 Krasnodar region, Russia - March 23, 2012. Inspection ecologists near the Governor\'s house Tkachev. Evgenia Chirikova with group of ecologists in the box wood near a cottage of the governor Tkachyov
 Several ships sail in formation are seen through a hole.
---
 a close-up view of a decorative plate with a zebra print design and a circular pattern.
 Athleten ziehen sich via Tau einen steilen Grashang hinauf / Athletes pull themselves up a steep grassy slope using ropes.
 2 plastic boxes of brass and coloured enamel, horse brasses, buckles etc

- **YOUR ASSIGNMENT**
Copy out each line of the material in which the word "with" turns up.

- **TASK SOLUTION**
 Krasnodar region, Russia - March 23, 2012. Inspection ecologists near the Governor\'s house Tkachev. Evgenia Chirikova with group of ecologists in the box wood near a cottage of the governor Tkachyov
 a close-up view of a decorative plate with a zebra print design and a circular pattern.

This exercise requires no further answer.